SOURCE DATA:

#####

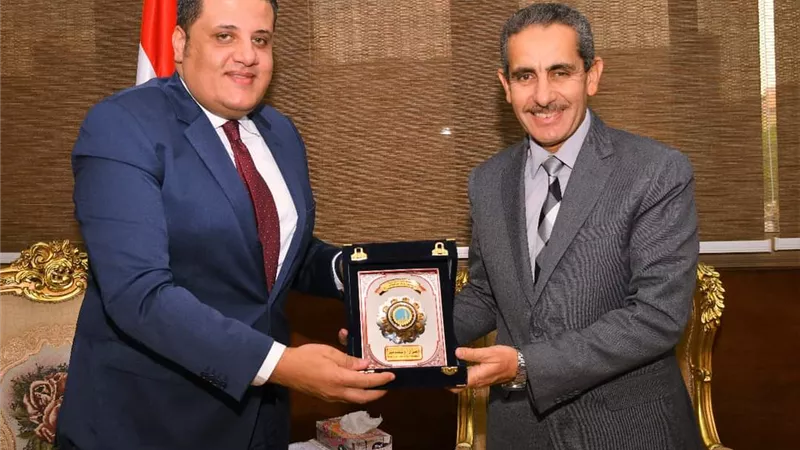 محافظ الغربية يستقبل رئيس مجلس أمناء مؤسسة صناع الخير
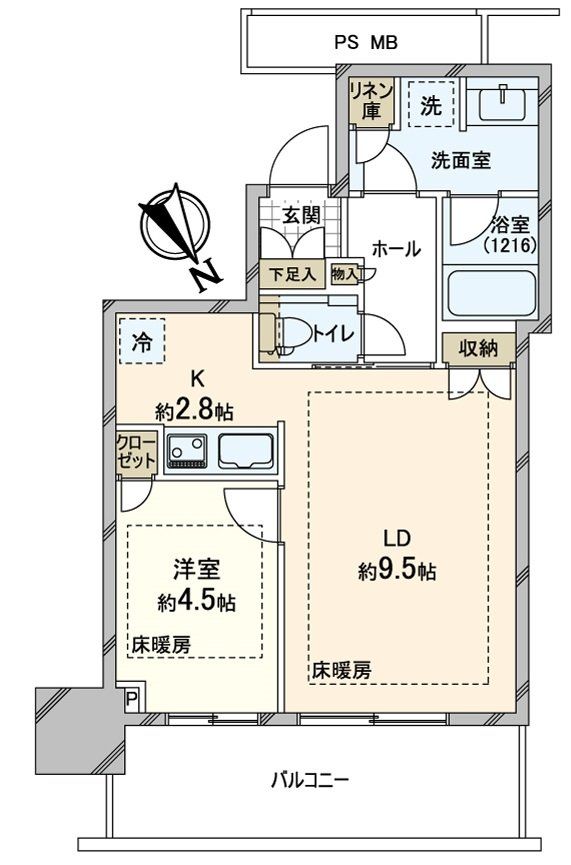 ザ・タワー十条の間取り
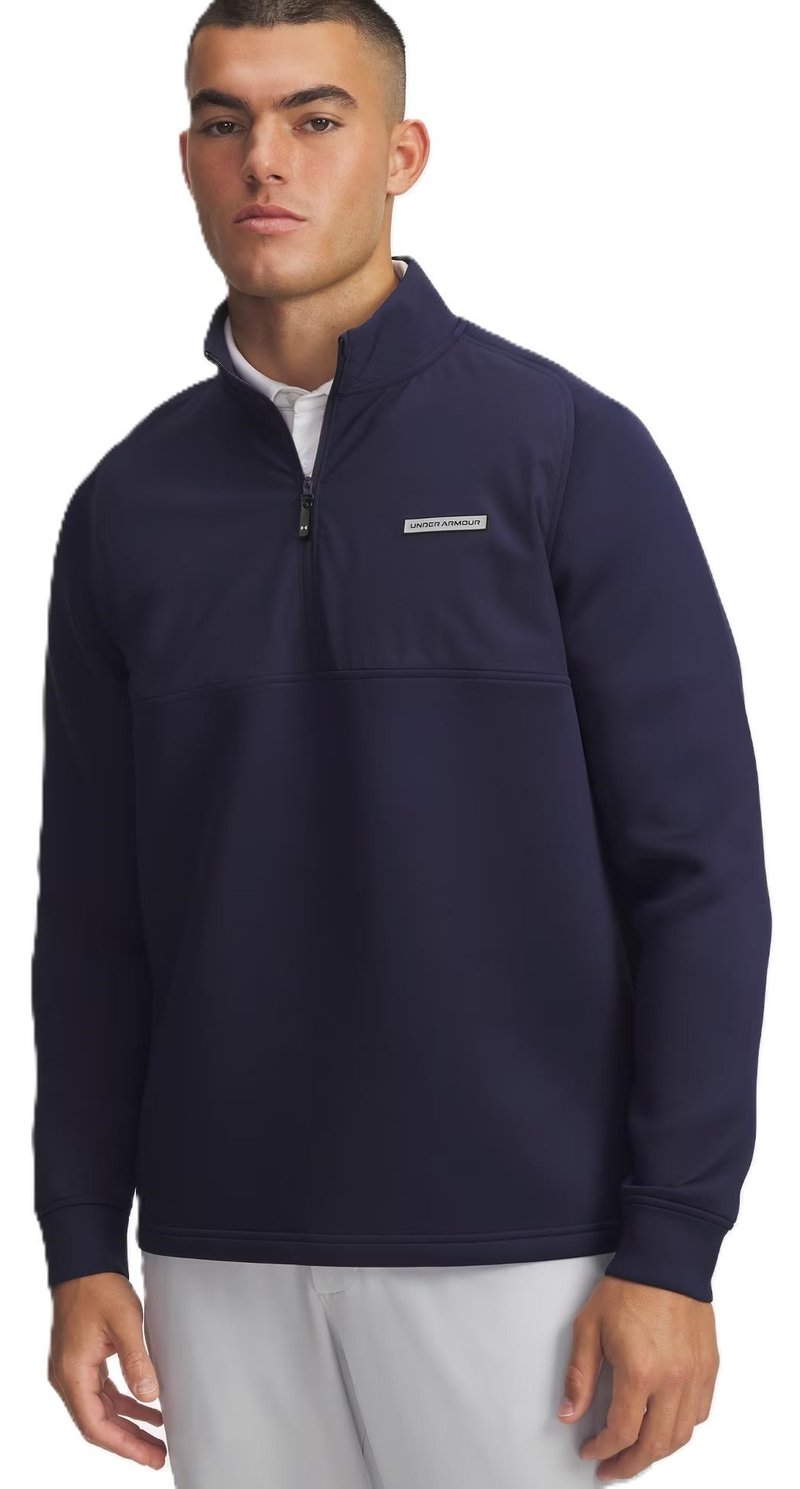 Under Armour Drive Pro Hybrid Half Zip herr sweatshirt, midnight navy/black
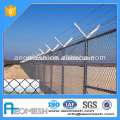 Made In Guangdong AEOMESH Supply High Security Anti Climb Fence With Barbed Wire For Airport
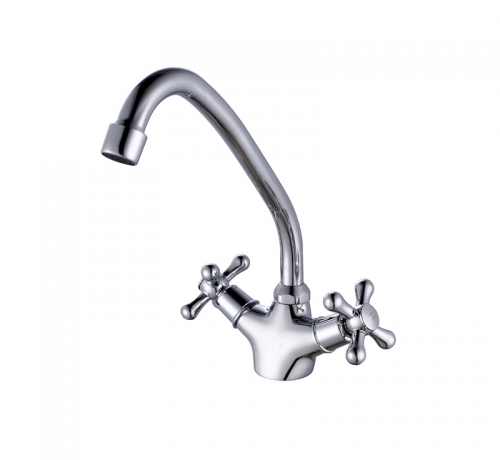 Double Lever Kitchen Faucet 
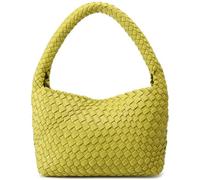 NOBLIFE Gewebte Tasche für Damen, kleine vegane Leder Sommer Strand Geldbörse und Reisehandtaschen Damen Retro Chic Schultertaschen, Fruit Green, Small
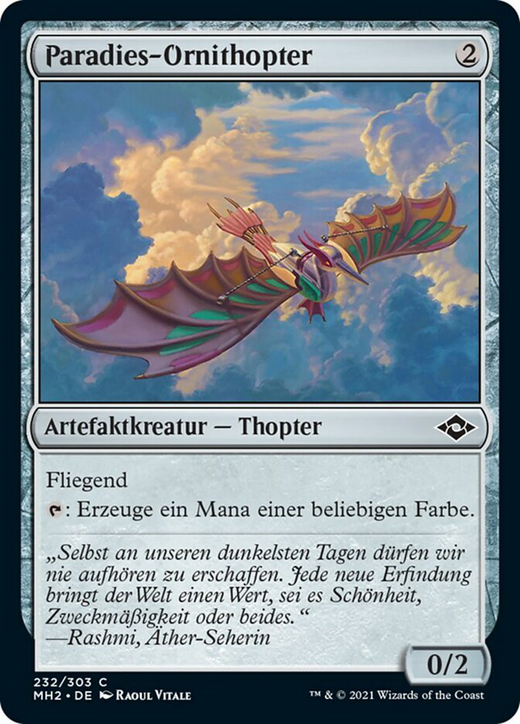 Paradies-Ornithopter image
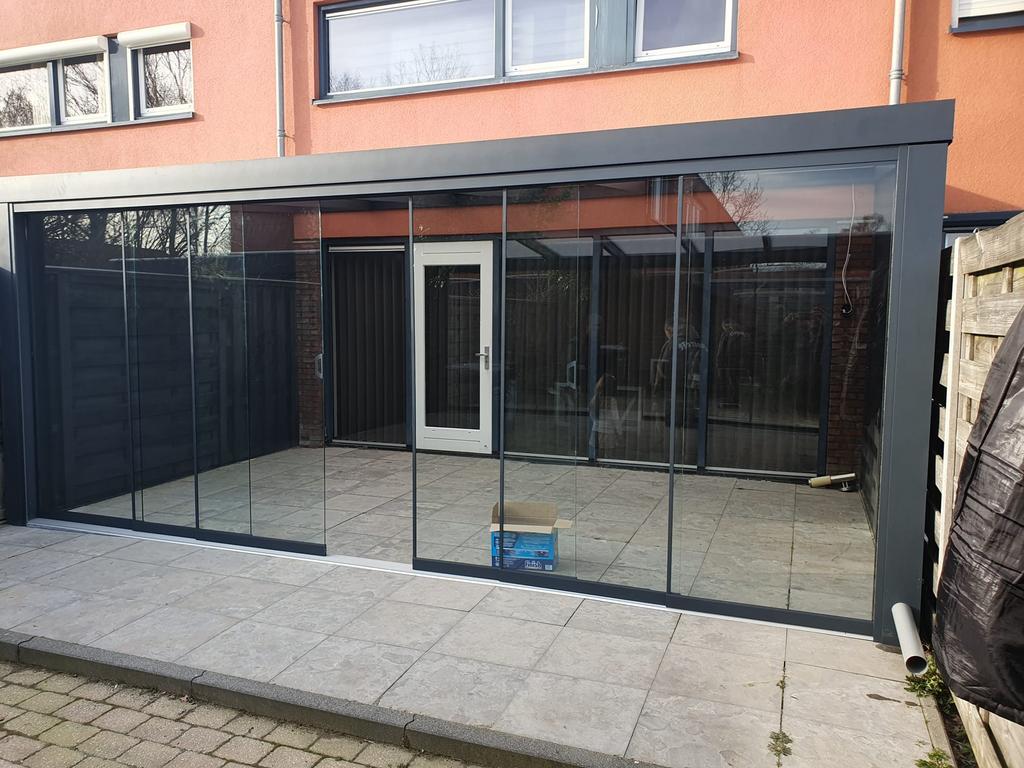 Mse ACTIE!!! Nu per glas paneel €285.- inclusief montage!!, Tuin en Terras, Overkappingen, Ophalen of Verzenden, Nieuw, Veranda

#####

Begin at the line with "Paradies-Ornithopter image" and retype exactly every line through the last one of the entries above, both included, and nothing more; pictures stay out.

 Paradies-Ornithopter image
 Mse ACTIE!!! Nu per glas paneel €285.- inclusief montage!!, Tuin en Terras, Overkappingen, Ophalen of Verzenden, Nieuw, Veranda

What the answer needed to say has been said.